In rural Indonesia, smoking is a fairly common habit and can be met at every corner. However, because the region is so impoverished, there is little money for buying cigarettes, and a new study has revealed that most men who smoke there take money out of their families' food budget in order to satisfy their own needs, which contributes to children having a worse diet and imbalanced nutrition. The researchers, Steven Block and Patrick Webb of the Tufts University, say that the effects of smoking in this area, and others like it, go well beyond the harm that the men inflict upon themselves.
The new investigation was conducted on about 30,000 homes in Java, Indonesia, most of which had occupants living well below the poverty level. The numbers are harsh. It would appear that in the basic rural family, where at least one smoker resides, up to ten percent of the family's budget goes on buying tobacco. Another 68 percent is spent on food, while the remaining 22 percent is spent on other items that are neither food, nor tobacco. More details will be published in the October issue of the journal Economic Development and Cultural Change.

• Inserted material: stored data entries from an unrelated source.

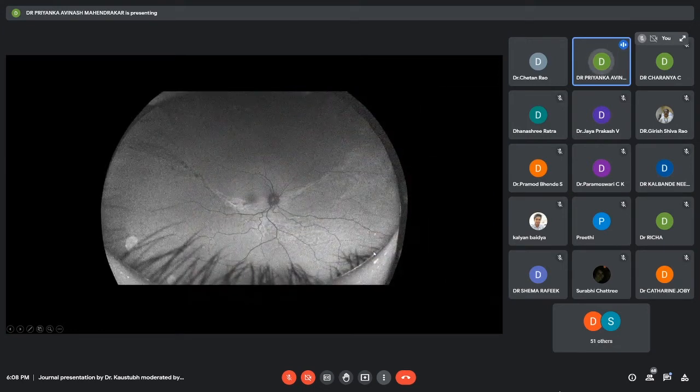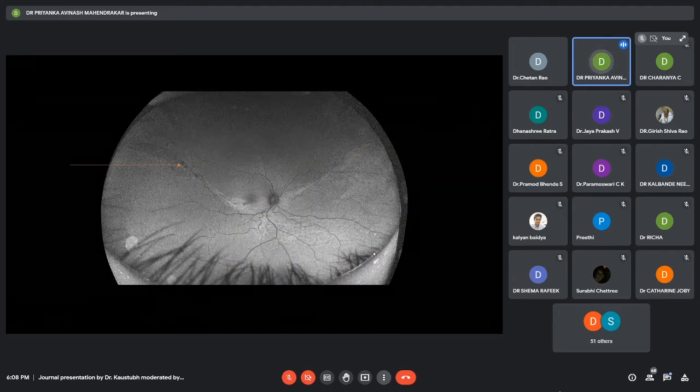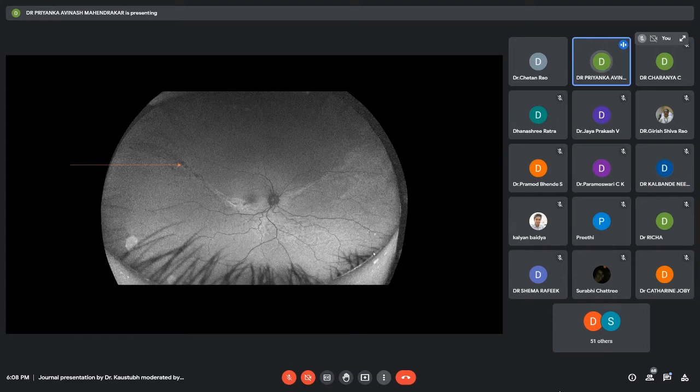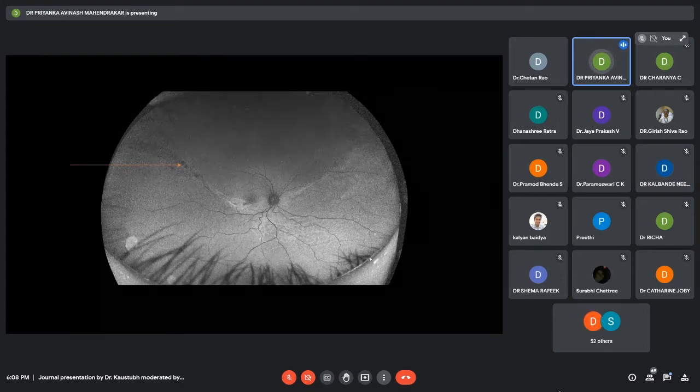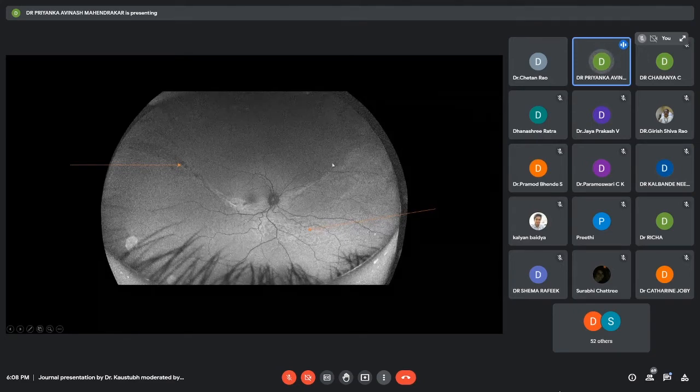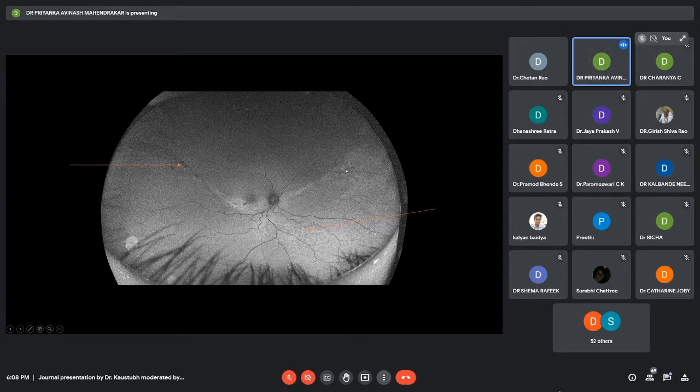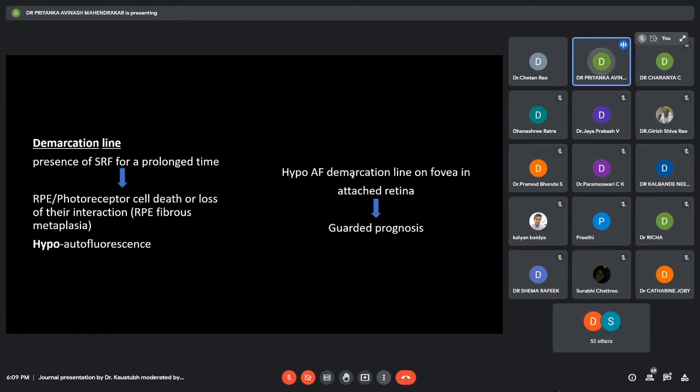The autofluorescence image again showed the demarcation line which had hypo-autofluorescent, clear hypo-autofluorescent spots and the subretinal gliosis. Also, here we can see the attached and detached retina, we can see the demarcation between the two because of this autofluorescence findings. Now, why is there a demarcation line? When there is presence of SRF for a prolonged time, it leads to RPE or photoreceptor death because of the loss of their interaction. There is basically RPE fibrous metaplasia which gives us some hypo-autofluorescence.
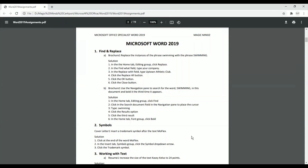I'm showing you a different method by which find and replace is done and what aspects we need to cover. Let's open question number one — it says 'Brochure One' — so I'm opening Brochure One.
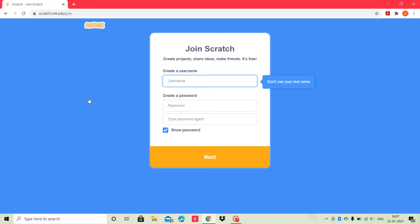Then, create a username. Don't use your real name. I will create a username like this.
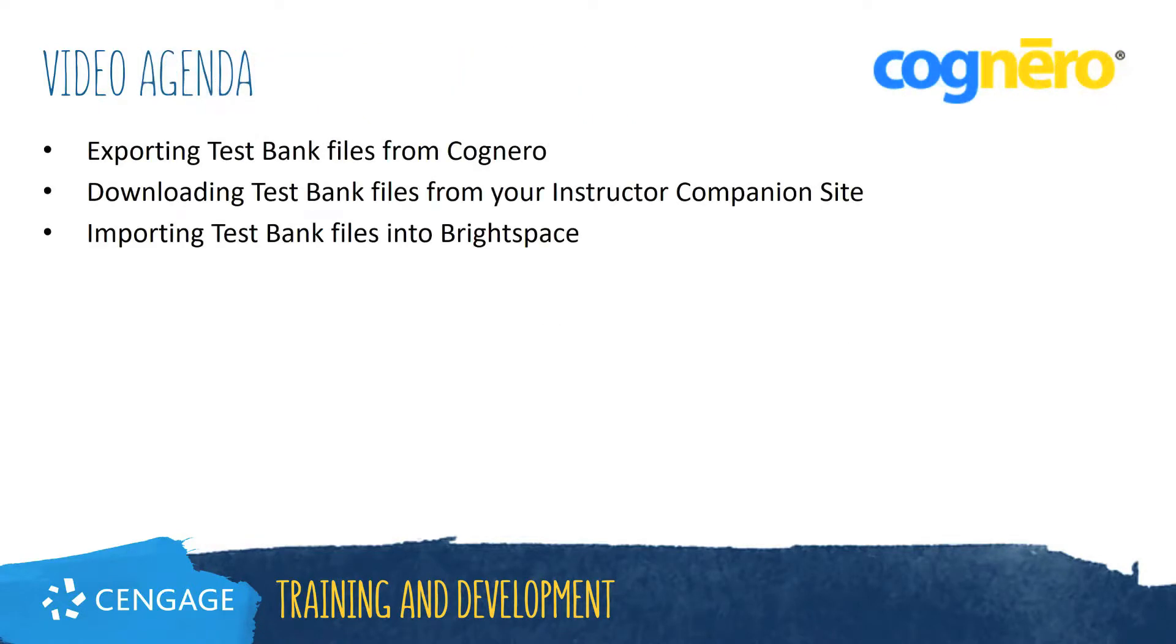This video will guide you through the steps of exporting a question set from Cognero, as well as how to download TestBank files from your instructor companion site for import into Brightspace.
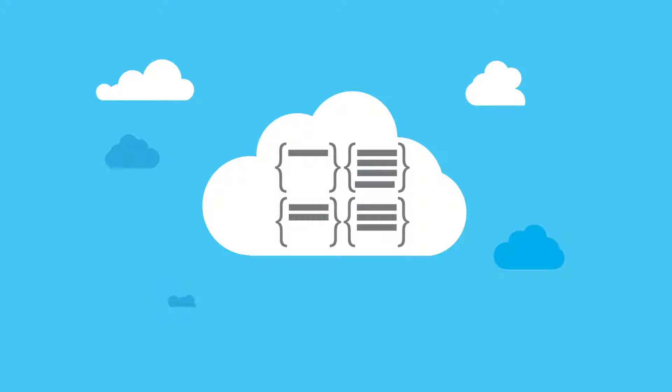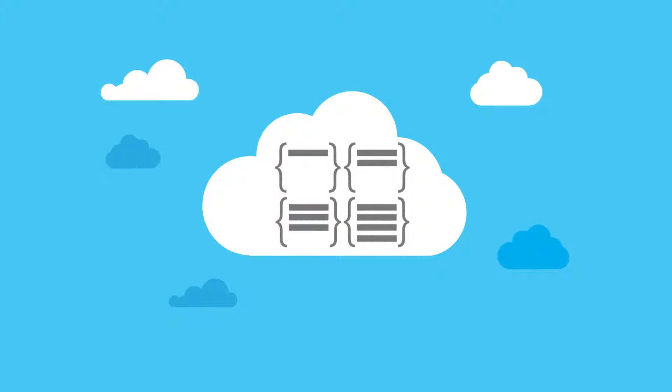All the data you store in DocumentDB is automatically indexed so you can query anything at any time.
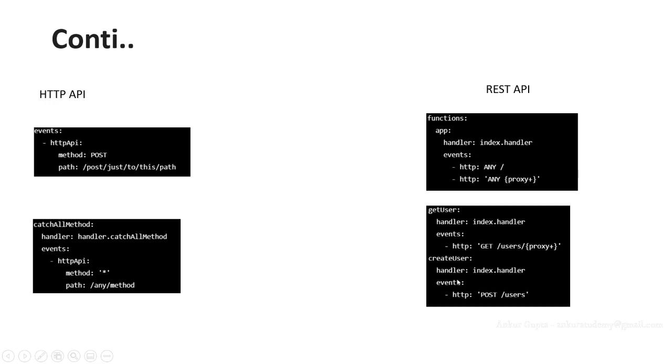When we define events as HTTP, it's actually a REST API, the version one. And if you want to define HTTP API, which is version two, we need to define it as HTTP API under the events.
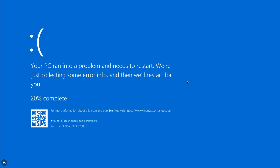Notice here we see we've blue screened. It's collecting error info and it's going to restart automatically. Notice it's 20% complete when this screen cap was taken of the dump of the error information. The big thing we're going to be working with is the stop code. You can see the very last line of text there: stop code — Critical Process Died, specifically CRITICAL_PROCESS_DIED. Notice also the QR code — we can scan that to get information, and we'll go through a demonstration of that.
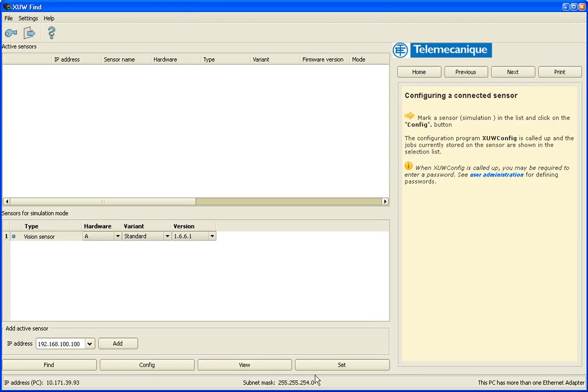Hi, it's Chris Heberlein with Telemechanics Sensors and today we're going to do a short demonstration on the XUW vision sensor and its software. In particular on this session we're going to focus on the pattern matching tool.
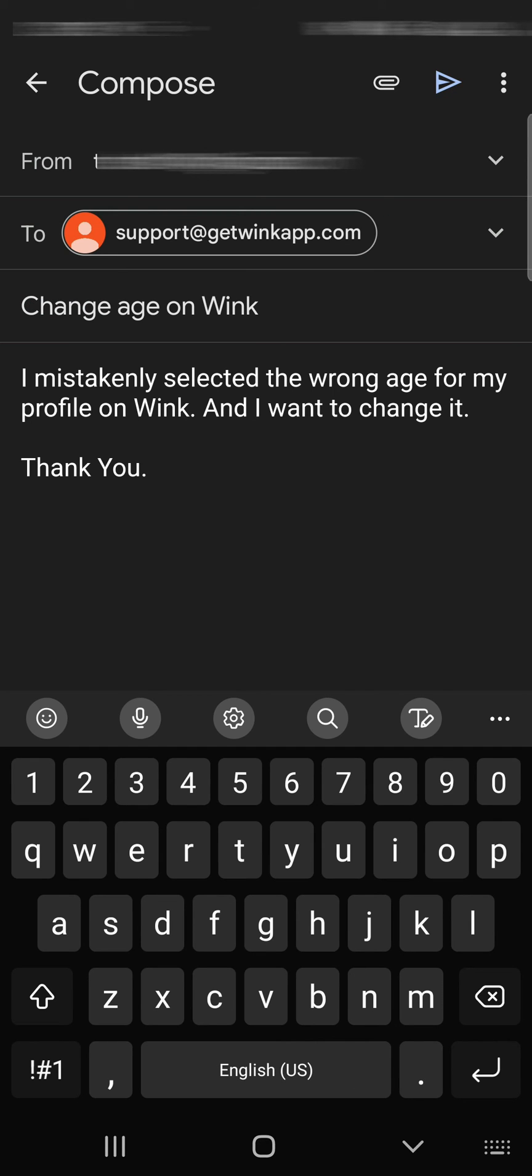Next, type I mistakenly selected the wrong age for my profile on Wink and I want to change it. Thank you.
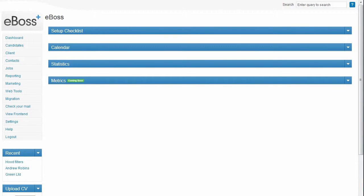Clicking the migration link in the main navigation menu of your eBOSS database will take you to the Migration Index page.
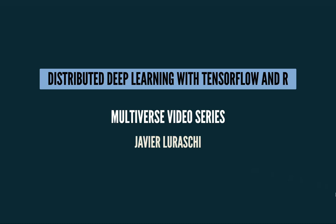Hi everyone and welcome to a new episode in the Multiverse video series. Today we're going to learn how to do Distributed Deep Learning with TensorFlow and R.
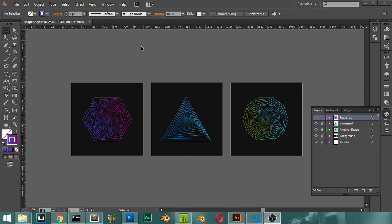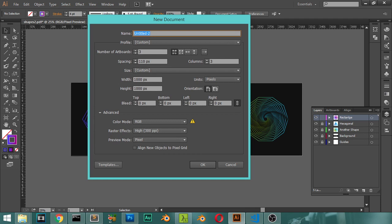Let's dive into the screencasting. This will be the final result that we will get after watching this tutorial. These are three artboards using basic shapes, some filters, some effects, and applying the gradient — all of these will give you this result. Let's go ahead and make a new file.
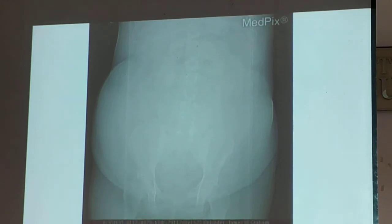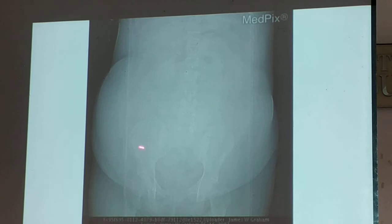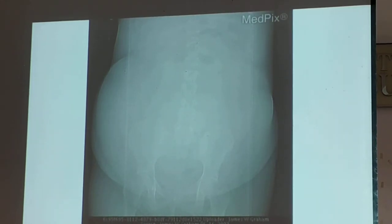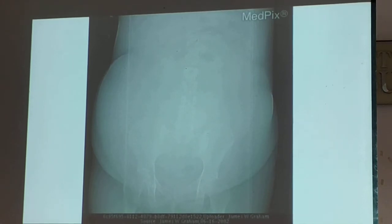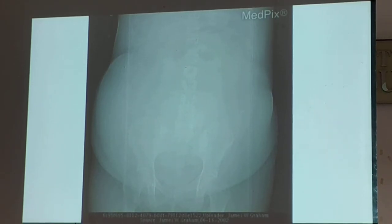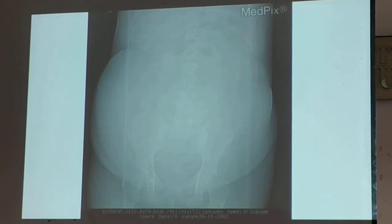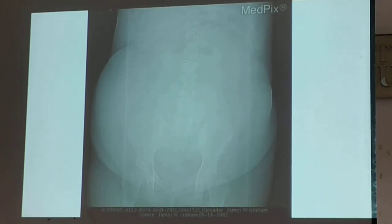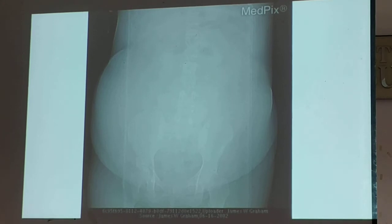This is your ascites: groundglass appearance and pouting of the flanks. Management of ascites? Some would give diuretics; if it does not respond, and the patient needs drainage.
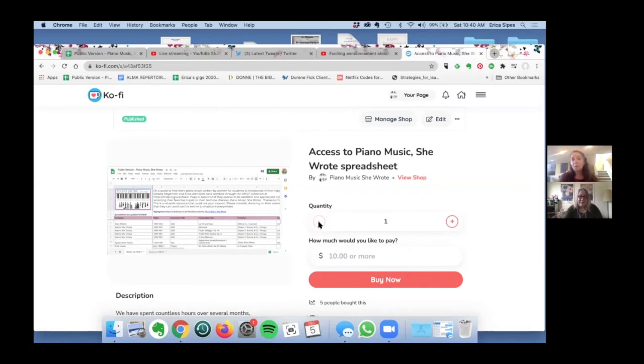Yeah and what it'll do is it'll just automatically send you the link for our spreadsheet. The thing to remember also is that that ten dollars gives you that gateway to easily 2,500 free scores.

“This suggests that 70 percent of the expenditures on tobacco products are financed by a reduction in food expenditures,” the authors write. “The combination of direct health threats from smoking coupled with the potential loss of [food] consumption among children linked to tobacco expenditure presents a development challenge of the highest order,” they say. Statistics also show that nearly 60 percent of all Indonesian men smoke, which means that the threat is present in more than half of the country's homes.
The team has also determined that the children of smokers tend to be a little shorter on average than the children of non-smokers. Height is often used in such conditions as an indicator of the nutrition quality each of the young ones is getting. The scientists also argue that the negative effect that smoking has on nutrition is “an intuitive but rarely documented empirical finding.”